Many people think the bargain section of their local furniture store is the best they can do when it comes to saving on furniture. However, there are several better places to start your hunt.

  • Craigslist. The “for sale” section of your local Craigslist is bound to be full of furniture that people are clearing out. Oftentimes people put things on Craigslist that are still in good shape that hoping to make a bit of money from. For best results on Craigslist, sort by “most recent” and by posts that have images. This will give you the best items and ones that are most likely still available.
  • Facebook. Aside from being the go-to place for arguing with your relatives about politics, Facebook is also a great way to find cheap used furniture. Search Facebook for local buy/sell pages for your town or city. Post in these groups with what you’re looking for. Also post what you’re searching for on your own wall. There’s a good chance one of your Facebook friends has something like it.
  • Thrift stores. Secondhand stores like Savers, Goodwill, and Salvation Army all sell furniture in their brick & mortar locations. If you’re bored on a rainy day, head out to the thrift stores in your city to see what they have.
  • Yard sales and flea markets. When the weather’s nice, take a Sunday drive out to some yard sales and flea markets. At yard sales especially people are desperate to get rid of everything so you’re likely to get the best deals.

Making it your own

Aside from getting a great deal, arguably the best part about secondhand furniture is that you get to add your own personal touch to it. Whether it’s reupholstering a sofa, sanding down a bookshelf, or painting a new kitchen chair, you’ll have the gratification of putting in work on your furniture, making it that much more special to you. Here are some furniture items that make great DIY or restoration projects.
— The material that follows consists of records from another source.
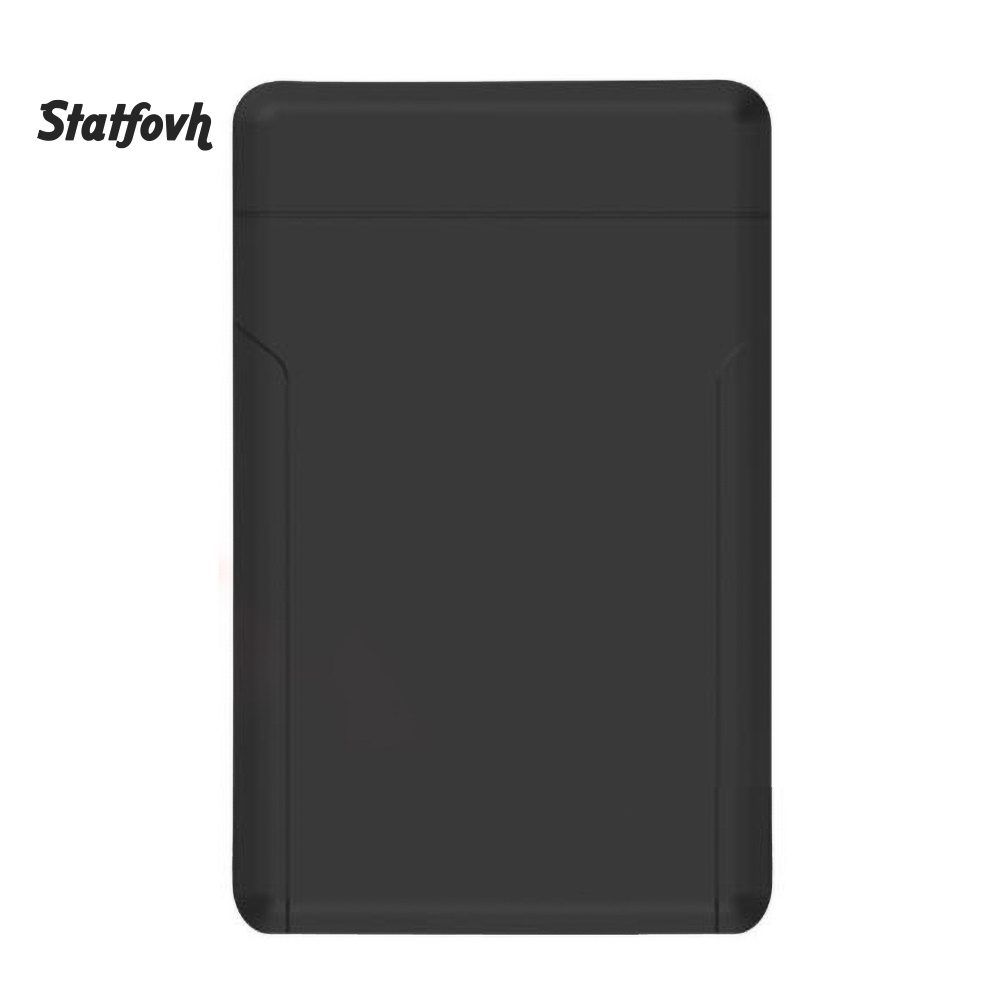 Hộp Đựng Ổ Cứng Ngoài Usb3.0 / 2.0 2.5inch Sata Ssd Cho Laptop | BigBuy360 - bigbuy360.vn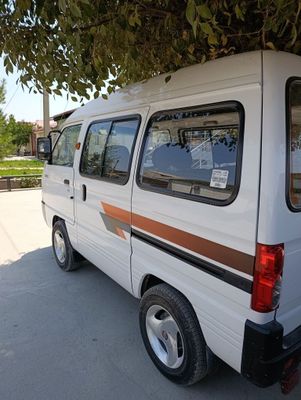 2020 yil 18000km yurgan tayyor moshin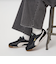 ＜PUMA＞アリゾナ レトロ スニーカー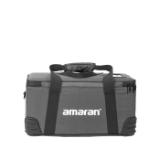 AMACC-LANG1-1aa63634-35e4-42bb-8bd0-aab890bf6159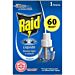 RAID RICARICA LIQUIDO ANTIZANZARE CLASSICO - 36MLRaid
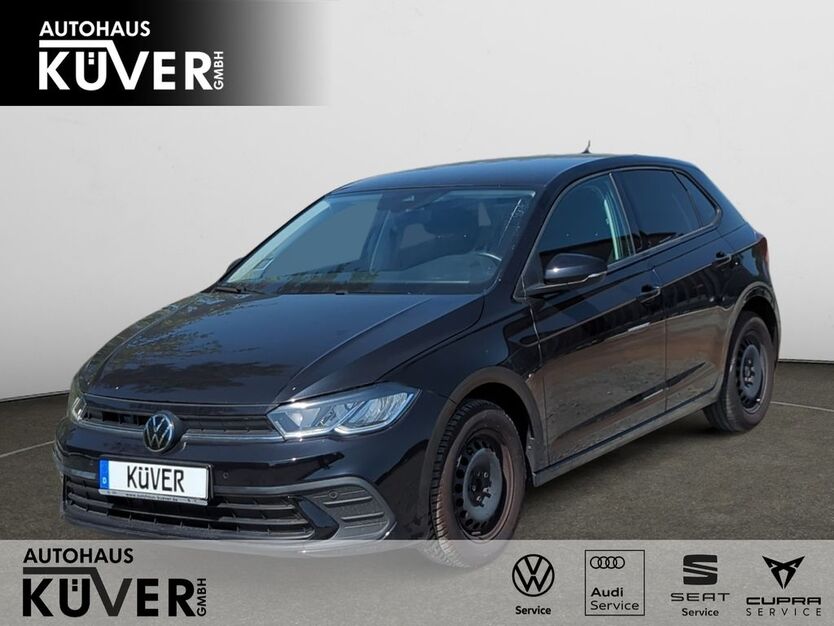 VW Polo 21.400 km 18.550 € Hagen 27628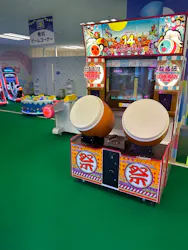キッズランドUS 神奈川厚木店に投稿された画像（2026/4/22）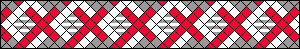 Normal pattern #215016
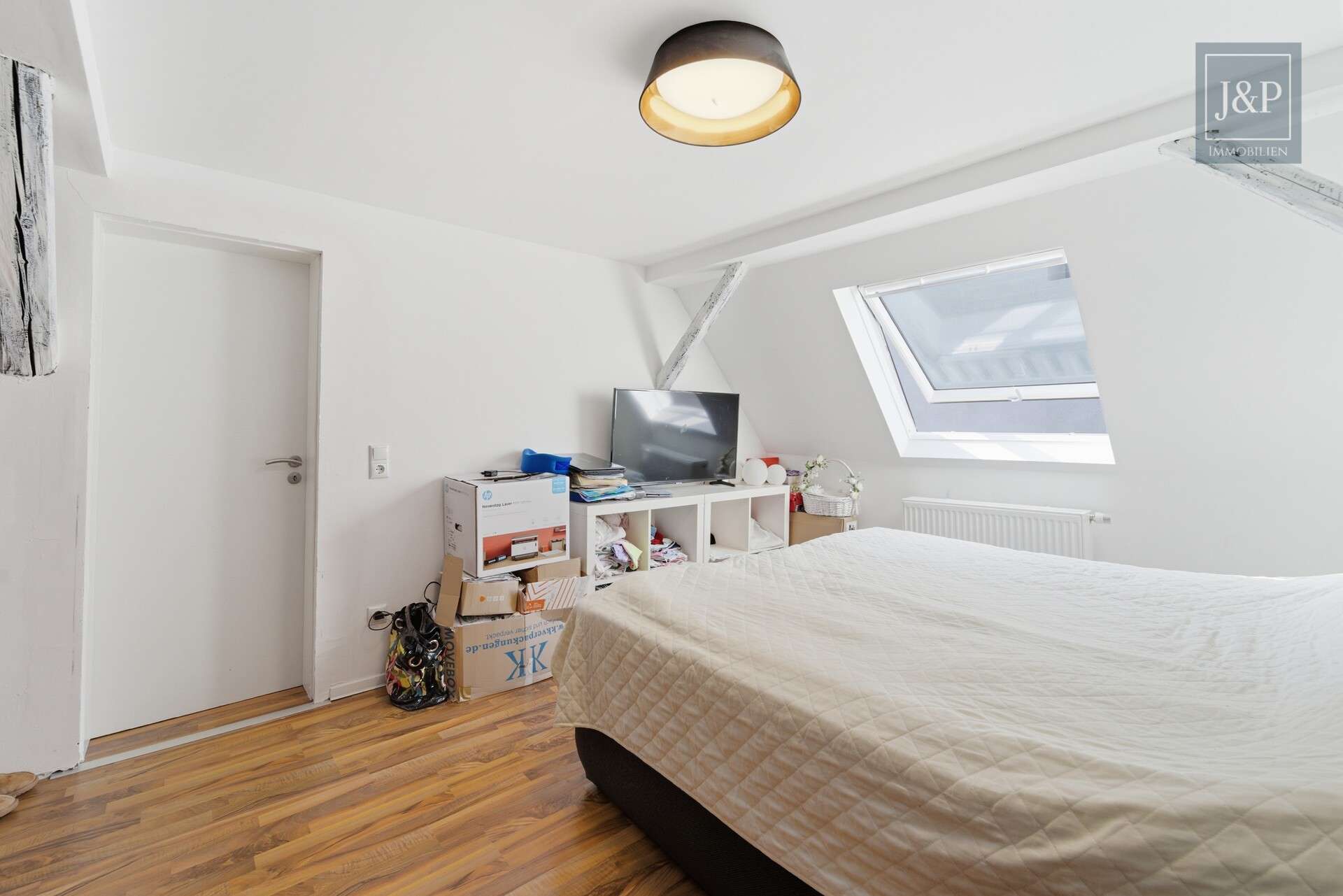 Immobilie in Dexheim - Zwei Häuser – ein Zuhause: Komplett sanierte Einfamilienhäuser für Familien in Mainz-Dexheim - Bild 16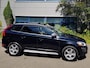Volvo XC60 D5 Aut R Design Pano Leder Navi Xenon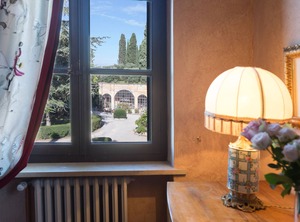 Verona | Sona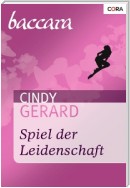 Spiel der Leidenschaft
  • Tables. Since the weathered and rustic look in in style, finding used tables has become a competitive market. If you have a small kitchen you can turn a old cafe table into your kitchen table. If you need something larger an old work bench can be crafted into a long dining room table.
  • Chairs. Many people think chairs need to come in sets to be worthwhile. However, having mismatched chairs can be a fun way to personalize your kitchen. Paint all the chair legs the same color or sand them and stain them all the same color to give them a sense of unity.
  • Repurposed wood. Pinterest is filled with ideas on how to repurpose used lumber. A wine rack out of an old pallet? There’s a tutorial for that.
  • Sofas. Oftentimes the only thing an old sofa needs is some reupholstering. Buy a secondhand sofa based on its style, not color. You can focus on fitting it to your color scheme when picking a fabric to reupholster with.